Among the many drawbacks from which the inmates of Newgate suffered through the eighteenth and the early part of the nineteenth centuries, was the absence of proper religious and moral instruction. The value of the ministrations of the ordinary, who was the official ghostly adviser, entirely depended upon his personal qualities. Now and again he was an earnest and devoted man, to whom the prisoners might fully open their hearts. More often he was careless and indifferent, satisfied to earn his salary by the slightest and most perfunctory discharge of his sacred duties. There were ordinaries whose fame rested rather upon their powers of
digestion than polemics or pulpit oratory. The Newgate chaplain had to say grace at city banquets, and was sometimes called upon to eat three consecutive dinners without rising from the table. One in particular was noted for his skill in compounding a salad, another for his jovial companionship. But the ordinary took life easy, and beyond conducting the services, did little work. Only when executions were imminent was he especially busy. It behooved him then to collect matter for his account of the previous life and misdeeds of the condemned, and their demeanour at Tyburn; and this, according to contemporary records, led him to get all the information he could from the malefactors who passed through his hands.
But while the official chaplain lacked zeal or religious fervour, there were not wanting others more earnest and enthusiastic to add their unprofessional but devoted efforts to the half-hearted ministrations of the ordinary of Newgate. A prominent figure in the philanthropic annals of Newgate is that of Silas Told, who devoted many years of his life to the spiritual needs of the prisoners. Told's career is full of peculiar interest. He was a pious child; both father and mother were religious folk, and brought him up carefully. According to his own memoirs, when quite an infant he and his sister Dulcibella were wont to wander into the woods and fields to converse about "God and happiness." Told passed through many trials
and vicissitudes in his early years. At thirteen he went to sea as an apprentice, and suffered much ill-usage. He made many voyages to the West Indies and to the Guinea coast, being a horrified and unwilling witness of some of the worst phases of the slave trade. He fell into the hands of piratical Spaniards, was cast away on a reef, saved almost by a miracle, last of all was pressed on board a man-of-war. Here, on board H. M. S. Phœnix his religious tendencies were strengthened by a pious captain, and presently he married and left the sea for ever. After this he became a schoolmaster in Essex, then a clerk and book-keeper in London. Here he came under the influence of John Wesley, and although predisposed against the Methodists, he was profoundly impressed by their leader's preaching. While listening to a sermon by John Wesley on the suddenness of conversion, Told heard another voice say to him, "This is the truth," and from that time forth he became a zealous Methodist.

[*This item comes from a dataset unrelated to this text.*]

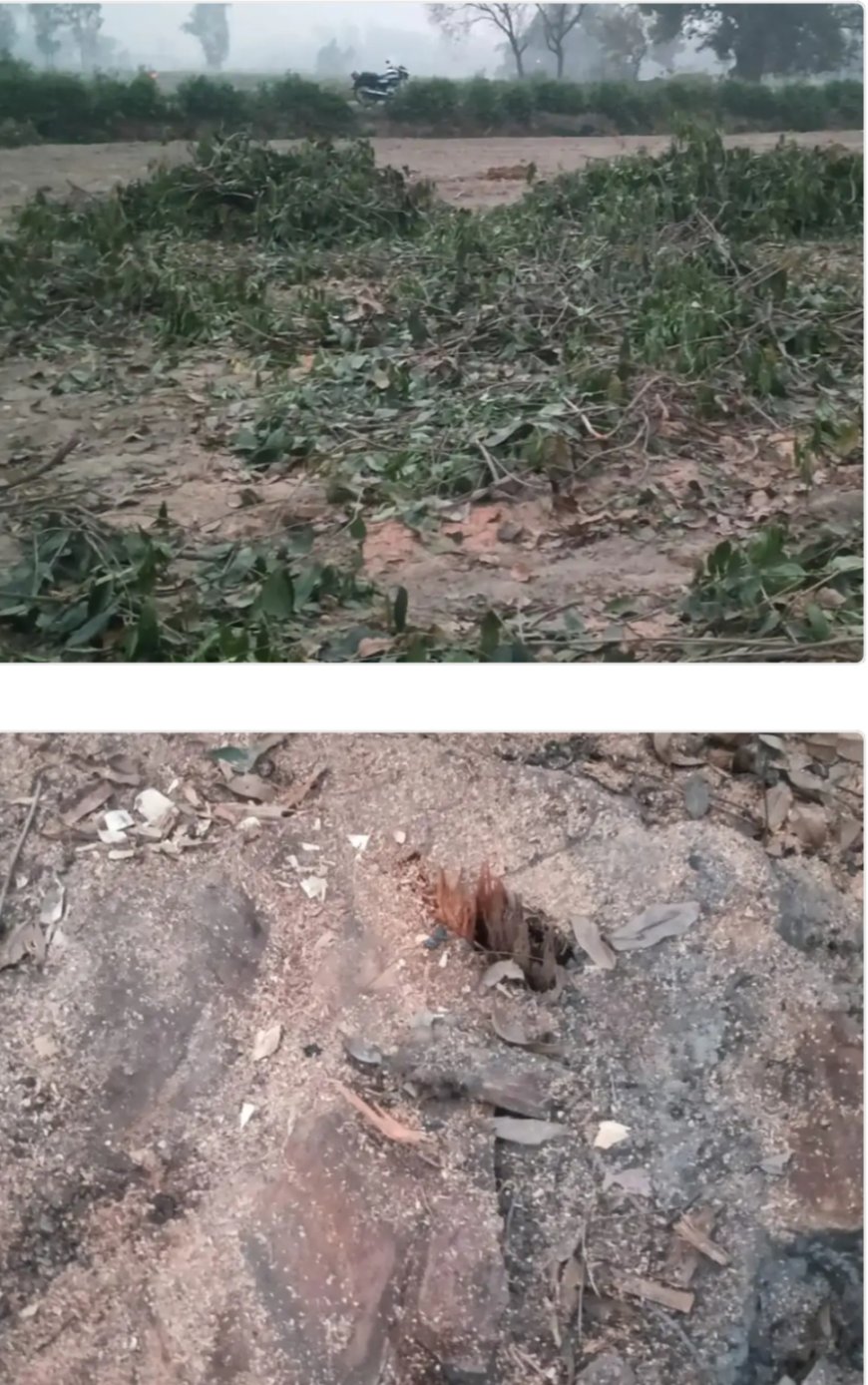 अवैध रूप से पेड़ काटे जाने का मामला सामने आया है।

It was Wesley who led him to prison visitation. He was at that time schoolmaster of the Foundry school, and his call to his long and devoted labours in Newgate were brought about in this wise. "In the year 1744," to quote his own words, "I attended the children one morning at the five o'clock preaching, when Mr. Wesley took his text out of the twenty-fifth chapter of St. Matthew. When he read 'I was sick and in prison, and ye visited me
not,' I was sensible of my negligence in never visiting the prisoners during the course of my life, and was filled with horror of mind beyond expression. This threw me well-nigh into a state of despondency, as I was totally unacquainted with the measures requisite to be pursued for that purpose. However, the gracious God, two or three days after, sent a messenger to me in the school, who informed me of the malefactors that were under sentence of death, and would be glad of any of our friends who could go and pray with them. . . . In consequence, I committed my school to my trusty usher, and went to Newgate."
After this first visit he went there regularly. He described the place twenty-one years later, but still remembered it vividly, as "such an emblem of the infernal pit as he never saw before." However, he struggled bravely on, having a constant pressure upon his mind "to stand up for God in the midst of them," and praying much for wisdom and fortitude. He preached as often as he was permitted to both felons and debtors. But for the first few years, when attending the malefactors, he met with so many repulses from the keeper and ordinary, as well as from the prisoners themselves, that he was often greatly discouraged. "But notwithstanding I more vehemently pressed through all, becoming the more resolute and taking no denial."